Re: [REGRESION] Suspend hangs with 3.6-rc1 on Lenovo T60 notebook

From: Hans de Goede
Date: Thu Aug 16 2012 - 07:34:00 EST


This is a multi-part message in MIME format.Hi,

On 08/15/2012 09:59 PM, Rafael J. Wysocki wrote:
On Wednesday, August 15, 2012, Hans de Goede wrote:
Hi,

On 08/15/2012 07:13 AM, Miklos Szeredi wrote:
Suspend oopses in generic_ide_suspend() because dev_get_drvdata()
returns NULL (dev->p->driver_data == NULL) and this function is not
prepared for this.

I bisected it to 0998d063 (device-core: Ensure drvdata = NULL when no
driver is bound). Reverting it fixes suspend.


First of all, thanks for reporting and bisecting this. With that said,
I must say that this is very weird. The patch in question:
http://git.kernel.org/?p=linux/kernel/git/torvalds/linux.git;a=commitdiff;h=0998d063

Only makes dev-drvdata NULL in 2 cases:
1) The probe method of the driver fails
2) The driver has been detached from the device by calling one of:
device_release_driver() or driver_detach()

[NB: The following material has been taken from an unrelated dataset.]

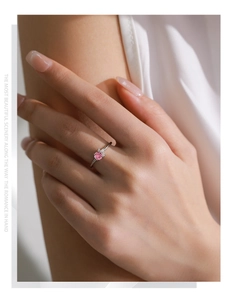 On-hand view of S925 silver ring featuring a pink zircon center stone and side accents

Note that in both code paths dev->driver also gets set to NULL, and
other generic ide driver callbacks very much depend on that not being
NULL, ie:

static int generic_ide_remove(struct device *dev)
{
ide_drive_t *drive = to_ide_device(dev);
struct ide_driver *drv = to_ide_driver(dev->driver);

if (drv->remove)
drv->remove(drive);

return 0;
}

Also how can a drivers suspend callback get called if dev->driver is NULL,
since that callback would normally be "reached" through dev->driver, so
something weird is going on here ...

No, it wouldn't, because it is a bus type callback and it is invoked for
all devices whose bus type is ide_bus_type, regardless of whether or not
their driver field is NULL.

Ah right, these are bus_driver operations. That explains some things, so I've
done some more research asking myself: "Why does generic_ide_suspend(), which
is a *bus* op, call dev_get_drvdata?", the answer to that seems to be that
the ide subsystem is abusing (IMHO) drvdata to store per device bus_driver
data. Which I believe is not how drvdata is intended to be used.

With that said, the above knowledge has allowed me to write an (ugly) fix for
the regression Miklos is seeing. Miklos can you give the attached patch a
try please?

It clearly should check if drive is not NULL before using that pointer.

I assume you mean drive*r*, yes I agree that generic_ide_remove should
check for that. So who is going to write a patch for that?

Regards,

Hans